Output, exactly as written, the lines below starting at the line containing "Wheel Shifter Decal For Sod Cutters, 524486" and ending at the line containing "Vespa Vacanze Romane 3/4 sx". Drop the pictures and keep both end lines.

TASK INPUTS
━━━━━━━━━━
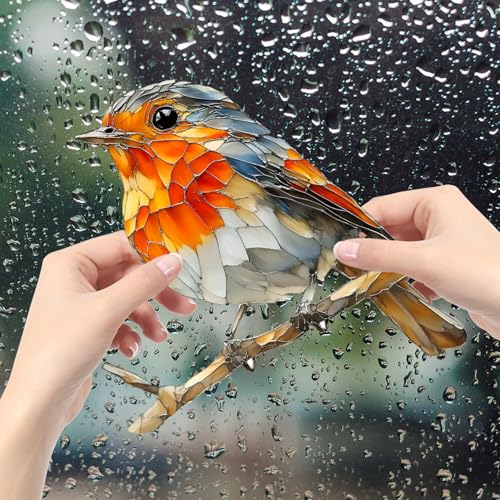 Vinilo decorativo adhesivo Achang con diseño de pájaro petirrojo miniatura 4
━━━━━━━━━━
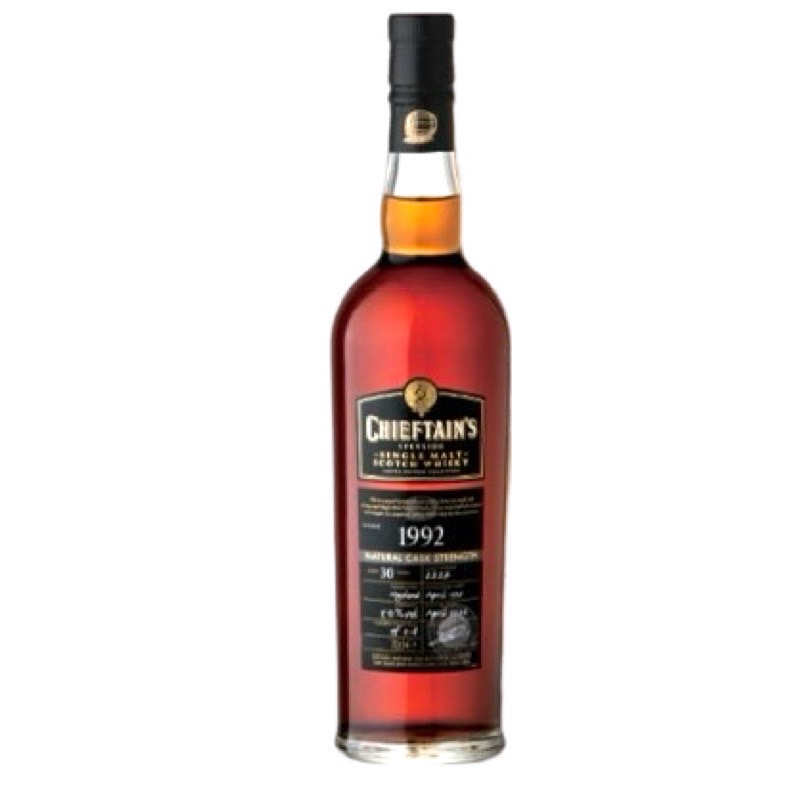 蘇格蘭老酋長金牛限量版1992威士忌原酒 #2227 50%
━━━━━━━━━━
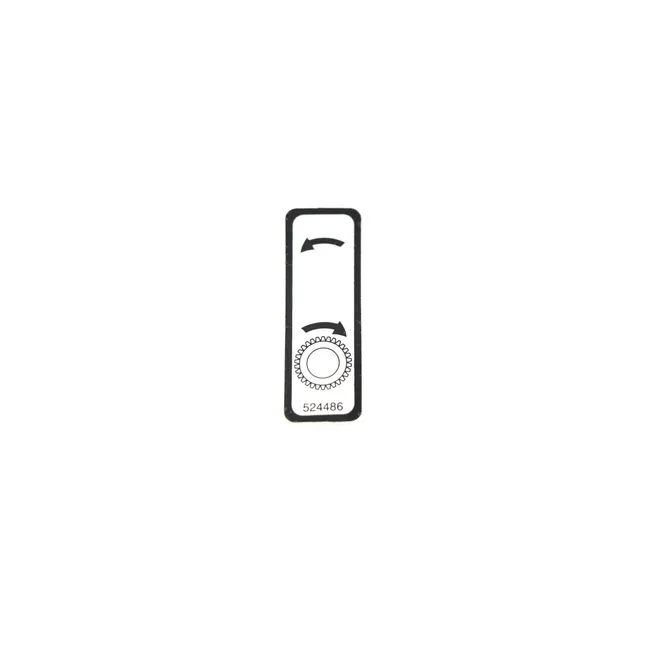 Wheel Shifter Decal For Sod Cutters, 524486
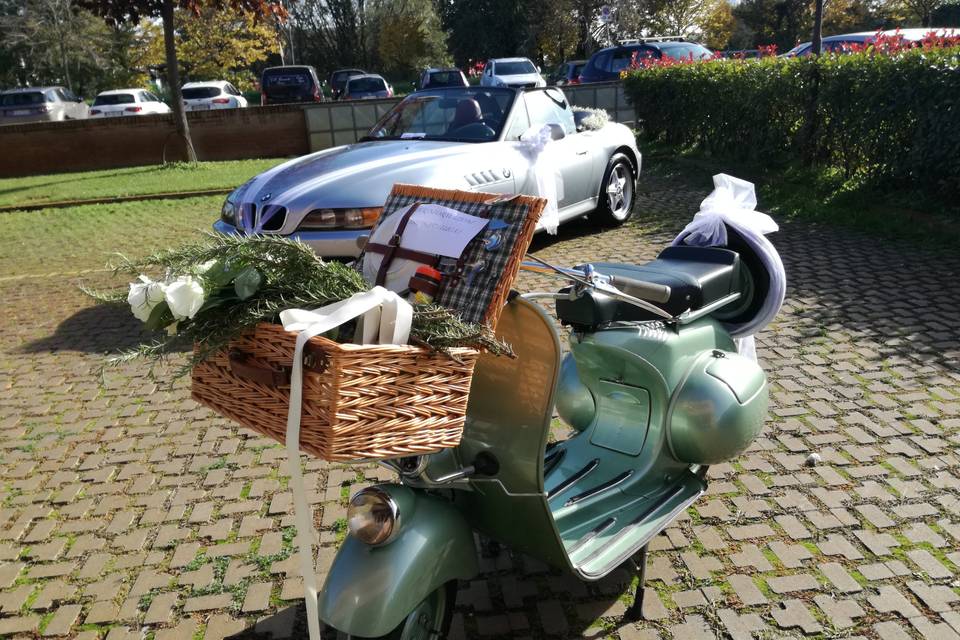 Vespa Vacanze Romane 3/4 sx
━━━━━━━━━━
OUTPUT OF THE TASK
 Wheel Shifter Decal For Sod Cutters, 524486
 Vespa Vacanze Romane 3/4 sx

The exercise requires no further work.